For many Catholics, I'd say the same applies. If the bishops' "Fortnight for Freedom" rallies are the best we have to offer to contemporary American culture, I'd say we're fairly well doomed to become a marginal fringe group caught in a cultural moment of the past that will be increasingly irrelevant to American culture in the 21st century. As some commentators in the thread following this Catholic News Service report about the recent rally in Washington, D.C., are noting, just look at the picture accompanying the article, and ask yourself what it says about the bishops' worldview and bishops' values.
One commentator, Tea Party Jesus, writes,
In the spirit of the many who've bashed the LCWR orders as being elderly and dying off...these folks all look really old.
No diversity here: no youth, no multiplicity of races or sexual orientation. Most interesting of all: the picture doesn't show any women of childbearing age. Just older, well-off, white, Tea Party members with their hands patriotically placed over their hearts. Freedom of religious expression!
Did they bring their concealed carry weapons--to help the bishops fight their war on contraception and the "sluts and whores" who take it? Freedom of religious expression!
Will they start shooting at the gay folk, like the homosexual haters in Texas who killed those teenage girls?
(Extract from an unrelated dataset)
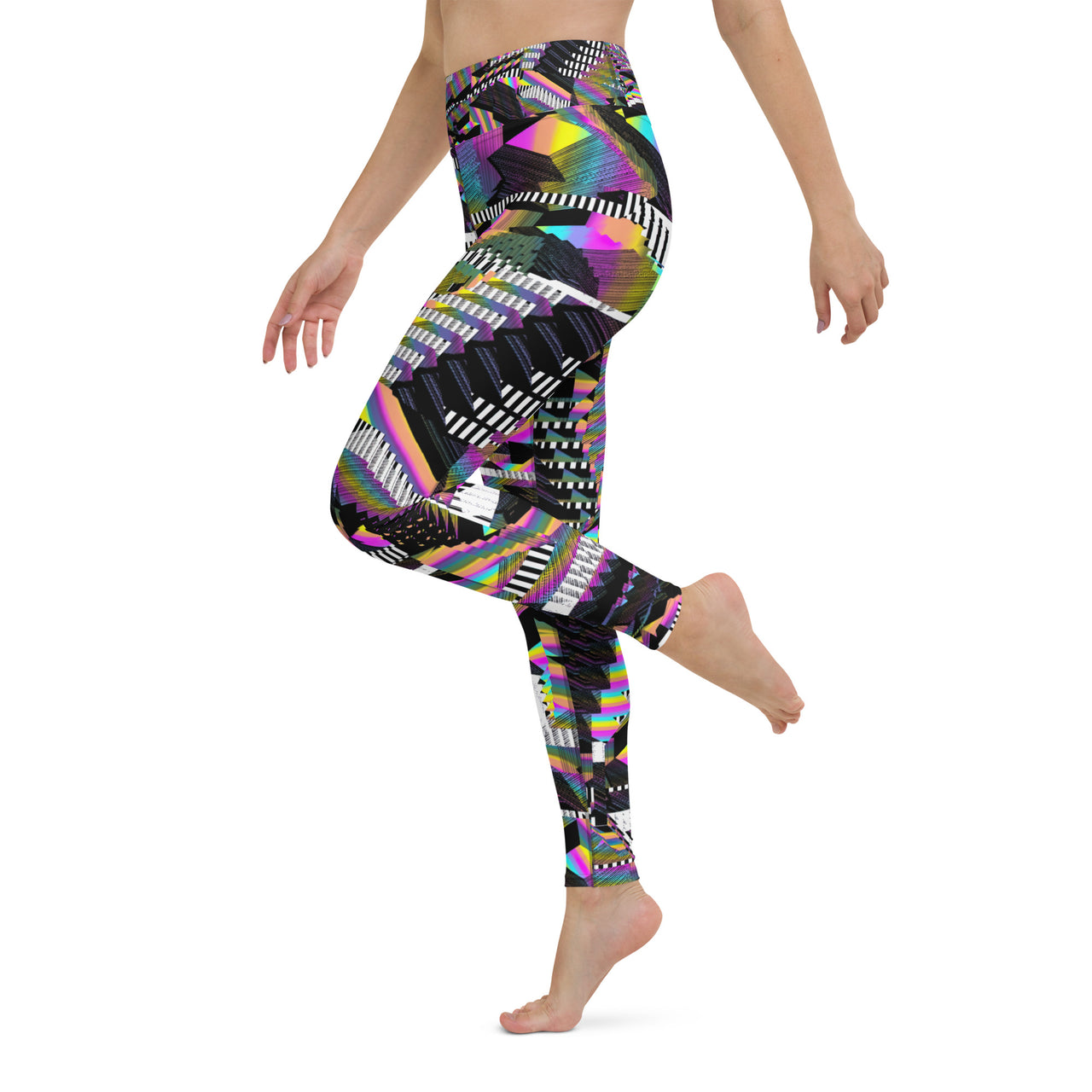 Psychedelic Visionary Art Futuristic Rave Leggings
Freedom of religious expression!
"When fascism comes to America it will be wrapped in a flag and carrying a cross." Sinclair Lewis
In short, pictures of those turning out to support the bishops in the "religious freedom" rallies don't seem to many of us to represent a church that has any kind of viable future. A church that wants to have a viable future has to have leaders who listen to and learn from the viewpoints of its members, even when those viewpoints differ from the orthodoxy officially mandated at the top. A church that wants to have a significant effect on contemporary culture has to take seriously what the Catholic tradition has always taught about the sanctity of conscience, and stop trampling on the rights of lay conscience, even as the bishops clamor for their rights and their consciences to be respected.
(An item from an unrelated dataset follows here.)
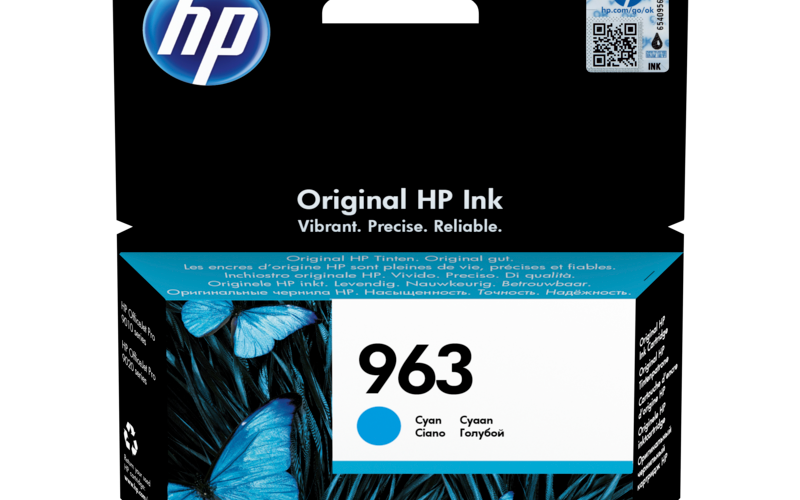 HP 963 Ink Cartridge Cyan (3JA23AE)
Perhaps we could learn some valuable lessons right now from the Mormon community and how it's processing very similar struggles . . . . At least in the Mormon governing structure, it appears there are a few leaders who are willing to reconsider the hardline orthodoxy that is leading to a mass exodus from the LDS church and to admit that this exodus is occurring.
I have yet to hear of any such admission among the current leaders of my Catholic church.